Ключевые слова: тревога, депрессия, рак молочной железы, фактор некроза опухоли TNF
Депрессия является одним из самых распространенных психических расстройств. Среди онкологических больных депрессивные расстройства обнаруживаются у 8-24% пациентов, в зависимости от метода диагностики выраженности тревоги и депрессии, типа опухоли и фазы лечения онкологического заболевания [Krebber et al., 2014]. В ряде исследований показано, что депрессия значительно повышает смертность онкологических больных [Satin et al., 2009; Vodermaier et al., 2014; Low, Stanton, 2015; Kanani et al., 2016].
В настоящее время депрессивные состояния рассматривают как некий континуум расстройств так называемого депрессивного спектра, начинающихся по разным причинам, но имеющих сходный финал в виде хронического снижения активности и настроения [Ковпак, Третьяк, 2013]. Причины, вызывающие депрессивное состояние, можно условно поделить на две группы: биологические факторы и психосоциальные.
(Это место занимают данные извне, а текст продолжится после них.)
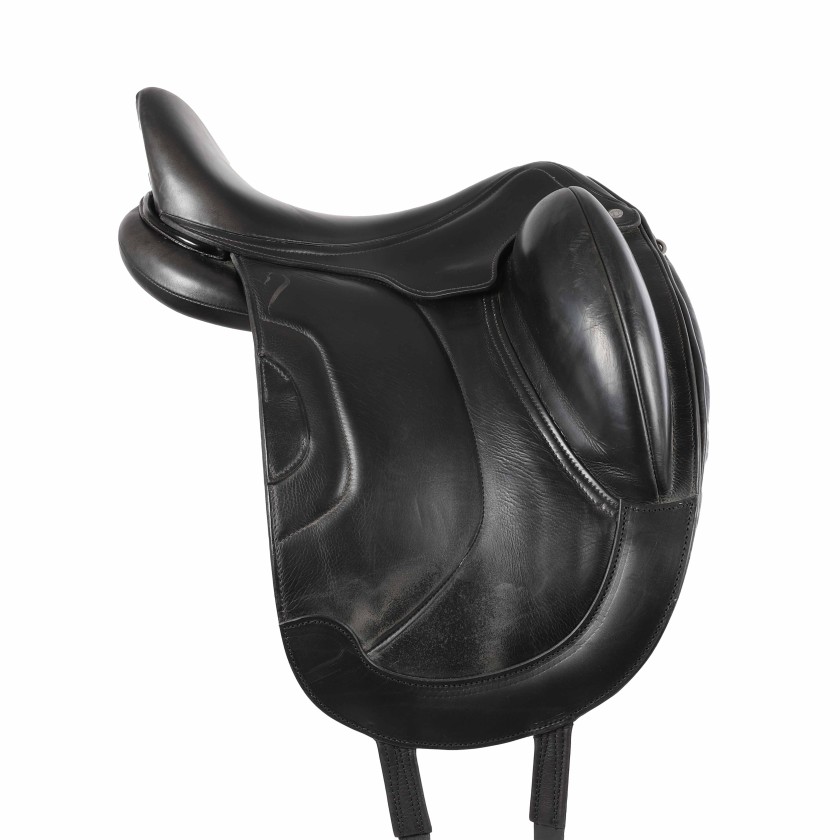 Antarès dressage saddle Tempo 17"5 3C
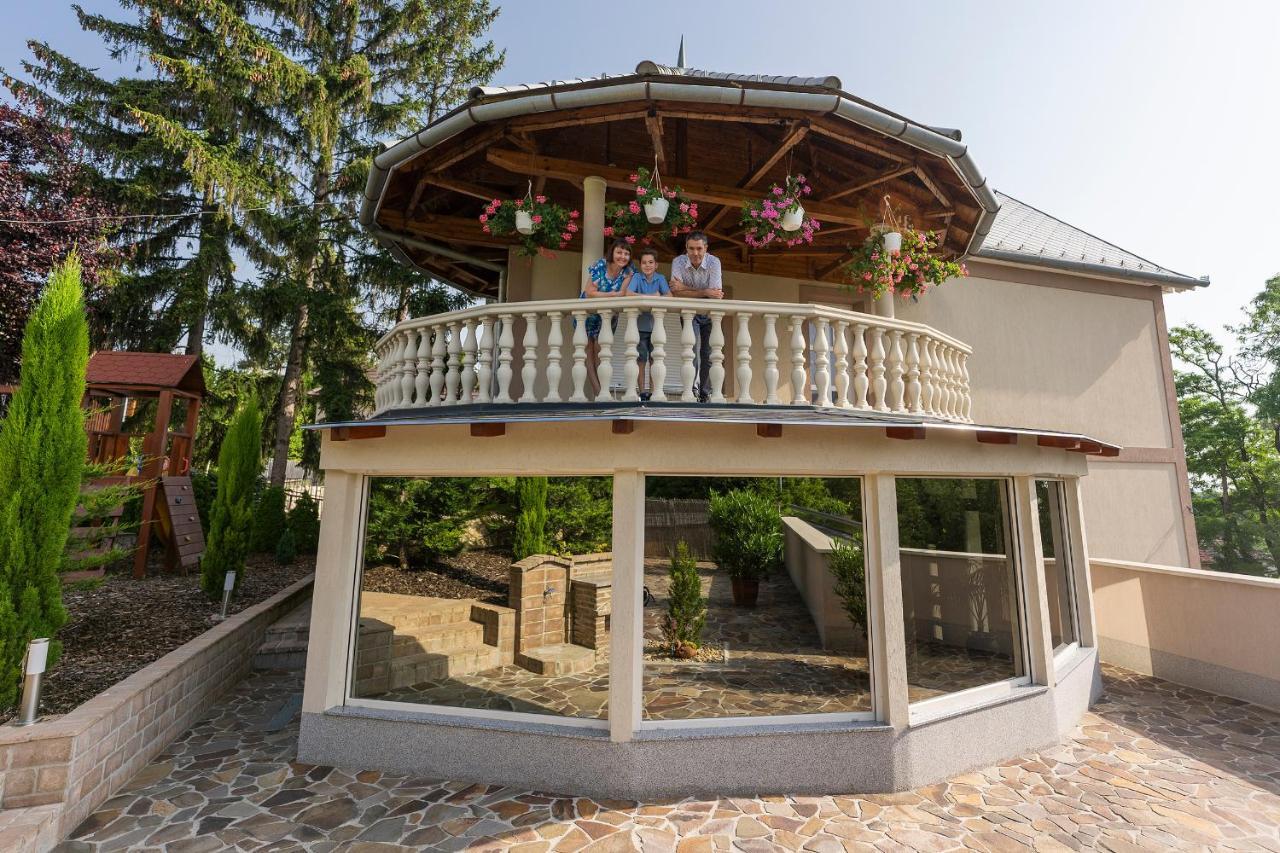 Belvarosi Nemes Apartmanhaz Szekszárd Exterior foto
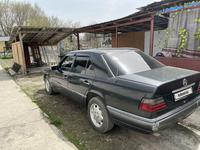 Mercedes-Benz E 200 1993 годаүшін1 450 000 тг. в Алматы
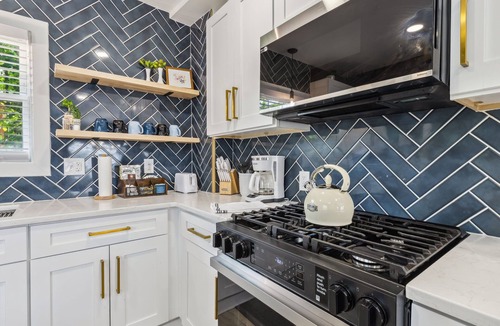 Cleveland Heights House | Stylish 3BR in Cleveland Hts | Close to Clinic, UH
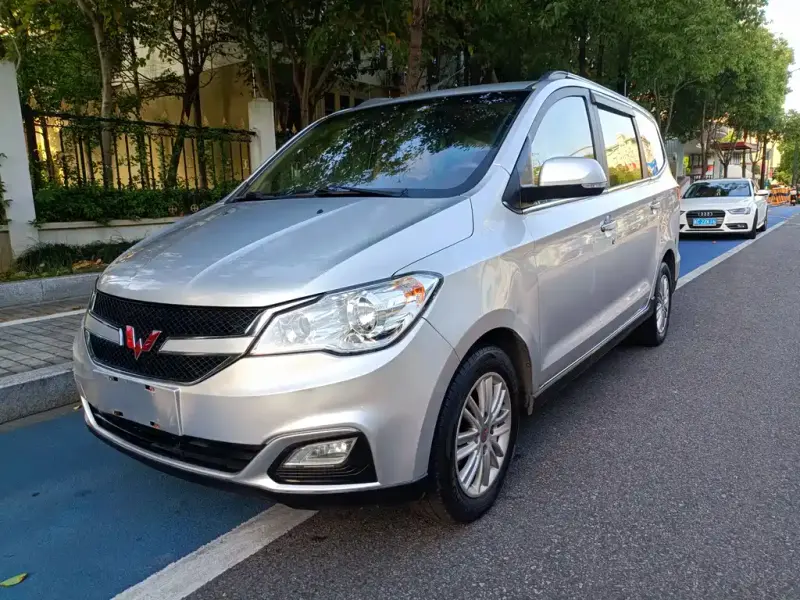 Wuling Hongguang, 2015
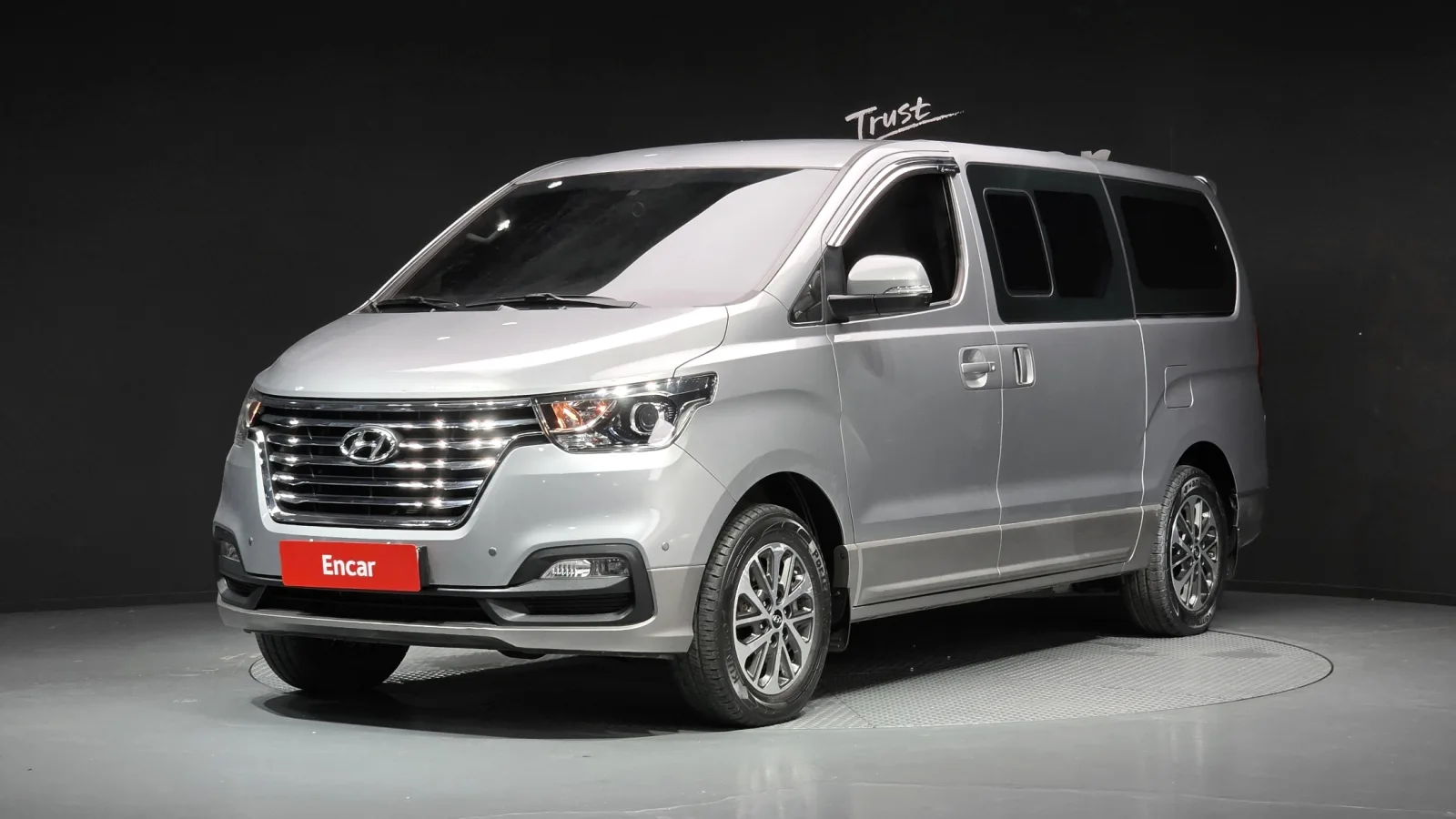2019 Hyundai Starex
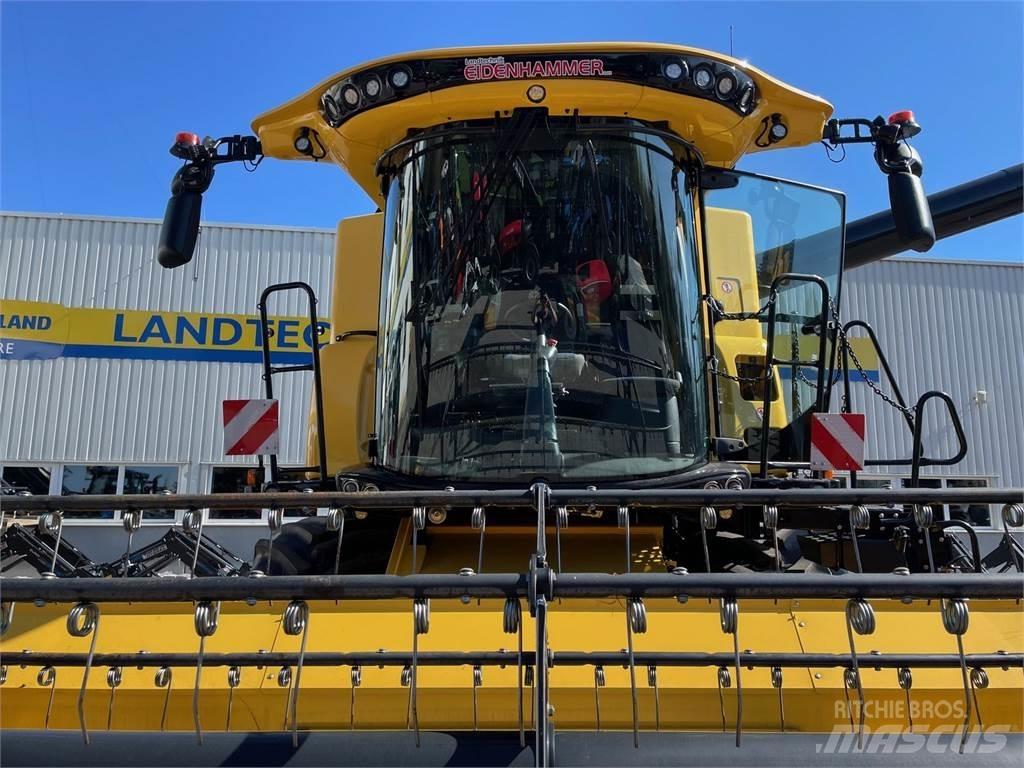 New Holland CX 7.90 Skördetröskor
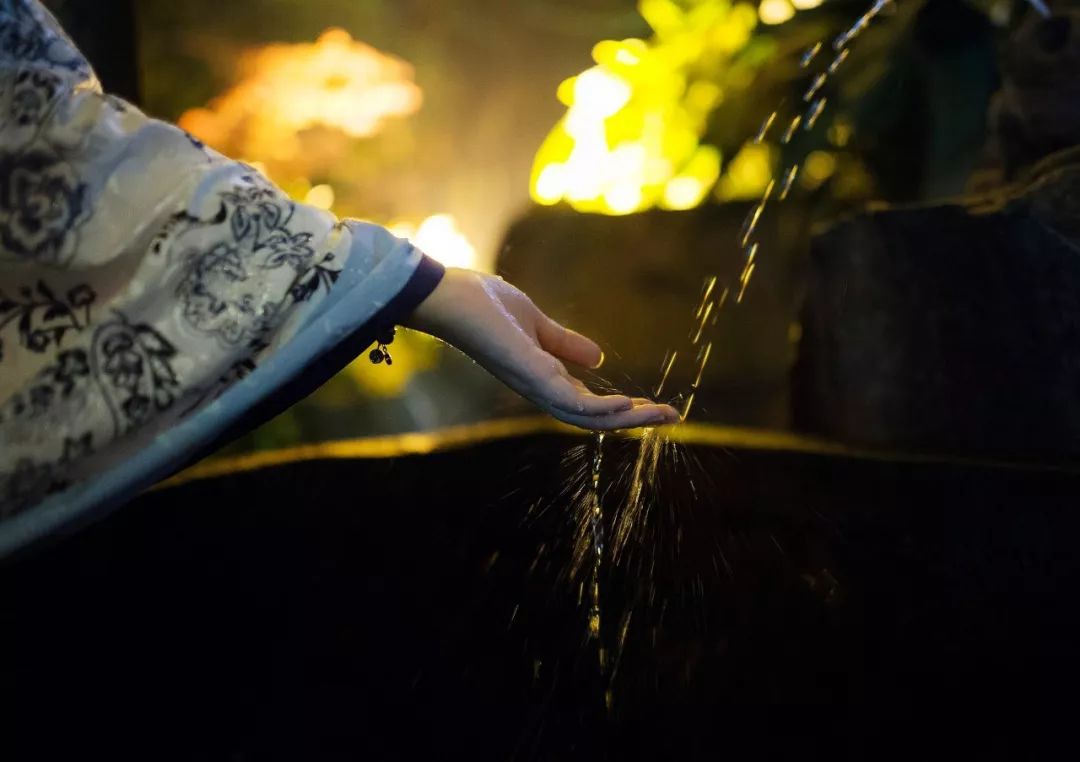 35句落寞诗词，句句凄美，说尽你寂寞的心事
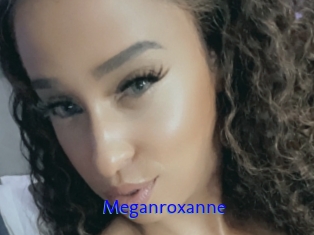 Meganroxanne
Чем выше роль биологических факторов, тем важнее лечение медикаментами, чем выше роль психосоциальных факторов - тем важнее роль психотерапии. Этот принцип предложен швейцарским психиатром P.Kielholz в 1972 году и лежит в основе этиопатогенетической классификации депрессий.
В результате психотравмирующих ситуаций возникают не только психогенные депрессии, но и эндогенные депрессии. Но эндогенные депрессии могут возникать и самопроизвольно у лиц с наследственной предрасположенностью. Влияние повторных и массивных психических травм, связанных с пережитой беспомощностью, приводит к серии последовательных физиологических изменений и, в конечном итоге, к повышению уровней гормонов коры надпочечников в крови (гиперкортизолемии), которые осуществляют адаптацию к стрессу. Однако при длительном повышении секреции глюкокортикоидов и действии стресса образующиеся регуляторные белковые молекулы цитокинов способны вызывать повреждения нейронов лимбической системы (так называемый киндлинг-синдром). Впоследствии происходит восстановление поврежденных нейронов при помощи нейротрофического фактора. У предрасположенных личностей повторная стимуляция беспомощности и утрат приводит к постепенному развитию аутоиммунного конфликта (также с участием цитокинов) с образованием антител к нейротрофическому фактору, в результате чего нарушается процесс восстановления нейронов серотонинергических регуляторных мозговых систем. Так запускается депрессия как автономный (эндогенный) процесс [Ковпак, Третьяк, 2013].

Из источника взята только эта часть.